Designing a Monitoring Solution: Where Are Your Eyes?
Contemporary monitoring solutions are no different from any other distributed application in your environment. Even a small-scale deployment can include multiple components: often, these include a Web server, an application server, and a database server. And as with any distributed application, you need to consider placement for each component. More specifically, when you are charged with designing a monitoring solution for a virtualized environment, you need to consider whether you’ll virtualize your monitoring solution.
When you design a monitoring solution, you need to consider more than just what you’re monitoring. You need to consider where you’re monitoring. And where you monitor depends on why you’re monitoring.
Monitoring for Performance
If your primary reason for deploying a monitoring solution is to collect information on the performance of your virtualization infrastructure and applications, consider placing your monitors within the environment. That is, virtualize the servers that will poll for data, and mix them in with your other VMs. In this scenario, the performance monitors will enjoy all of the benefits associated with a virtual machine hosted in a cluster (high availability, quick configuration changes, and rapid backup and recovery, to name a few). And depending on your virtual networking topology, the collectors may have much faster, lower-latency access to the systems they’re monitoring.
It’s worth noting that when you place your monitor within the virtual environment, your observed metrics will be affected by the monitor itself. (Wave function collapse, anyone?) In other words, the load created by your monitoring solution will artificially inflate the utilization of your virtualization infrastructure. Aside from the novelty, this condition can be safely ignored.
Monitoring for Infrastructure Availability
When your primary goal of monitoring is to measure the availability of your infrastructure, place your pollers outside of the virtualized environment. The purpose of this topology is to isolate your monitoring solution from any problems within the virtualization infrastructure.
To use an extreme example, let’s say that your vSphere® hosts rely on a FibreChannel fabric to connect to shared storage. You’ve got 500 VMs spread across 12 hosts, and your systems monitor is virtualized in the same cluster. A rogue SAN engineer botches a config update on your switches, and suddenly none of your vSphere hosts can connect to the datastores. The VMs are stunned, then go dark. Normally, alarms would bathe your operations dashboard in a sea of crimson, but the outage just took out your monitoring capability. Of course, your
customers will serve as your backup monitoring solution.
In some cases, vSphere administrators choose to deploy a management cluster to address this condition. A management cluster is a cluster that hosts administrative VMs, and can be completely isolated (save for network access) from your production VMs. The gamble here is that any catastrophic outage that may interrupt your production environment will not affect your management cluster. In this case, your monitoring systems will continue to function as designed, will detect the outage on the production side, and log the events for notification and escalation accordingly.

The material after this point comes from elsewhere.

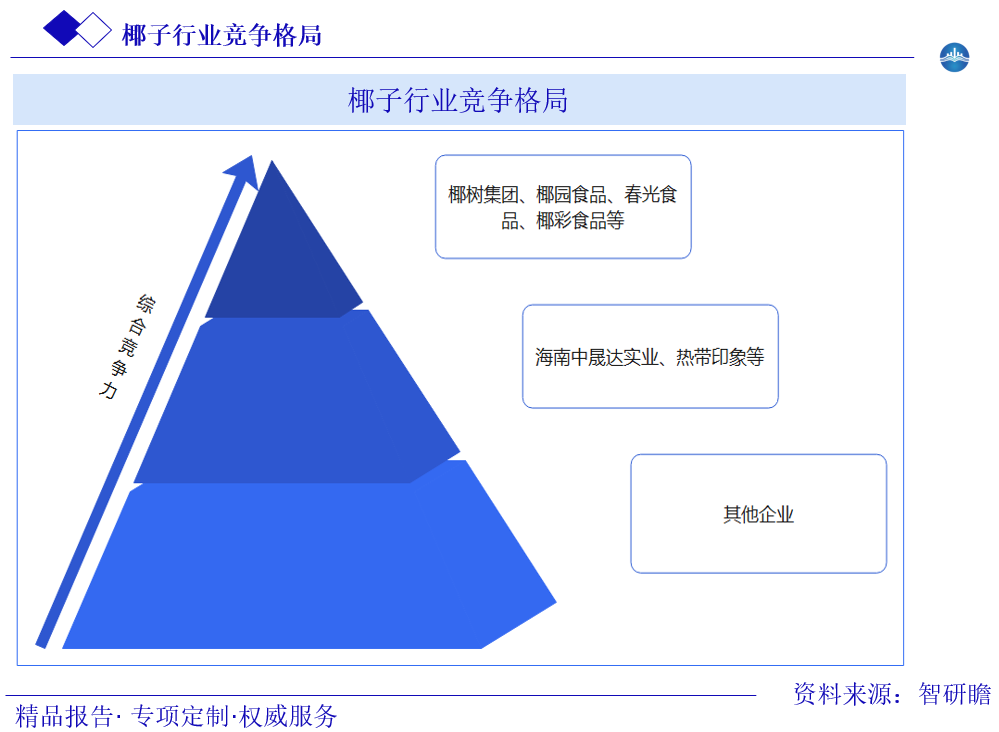 椰子行业竞争格局图片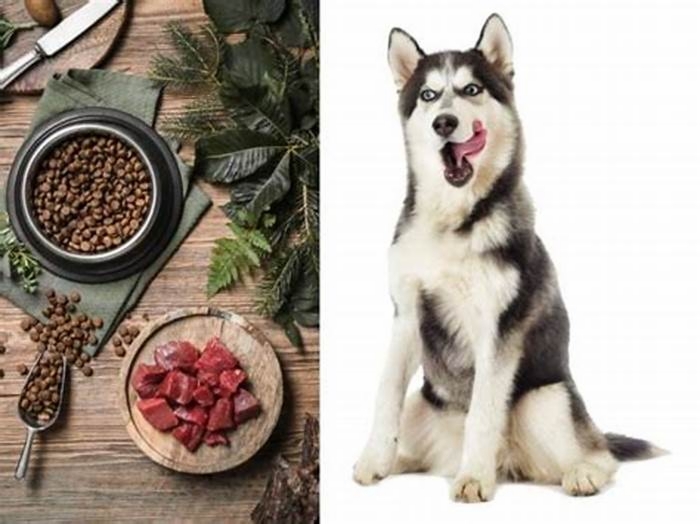 Should Huskies eat once or twice a day?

Monitoring for Service Availability
If your main objective is to monitor the services you provide to your users and customers, consider deploying a cloud-based monitoring solution. While these solutions are relatively new to the market, they fill a vital gap in traditional monitoring: measuring service availability from a user’s perspective.
For example, you’re hosting several dozen websites that are globally available. You’ve got an internal systems monitoring tool in place, and your infrastructure dashboard is nothing but a forest of glowing green dots. But at your network edge, a firewall ruleset was put in place that blocked all of your Web traffic, and your sites are down. If you rely solely on your internal monitoring, you’d be under the impression that all systems were healthy. And yet the sole purpose for your infrastructure, to serve content to your users via the Web, is broken. Good luck telling your CIO that your servers were up even though the sites were down. A SaaS monitoring tool is blissfully unaware of the minutia of your infrastructure. It’s functionally a user. It attempts to connect to a Web page; that attempt is either successful or not. SaaS monitoring provides a user-centric perspective into your services, not a technology-centric view into your infrastructure.
Where Are Your Eyes?
It’s often said that a monitoring tool is the eyes of (and on) your operation; the placement of these eyes will determine what they’re able to see. Likewise, the placement of your monitoring solution will determine what it’s able to measure. Clearly and accurately define the primary role of your monitoring solution to determine the ideal topology.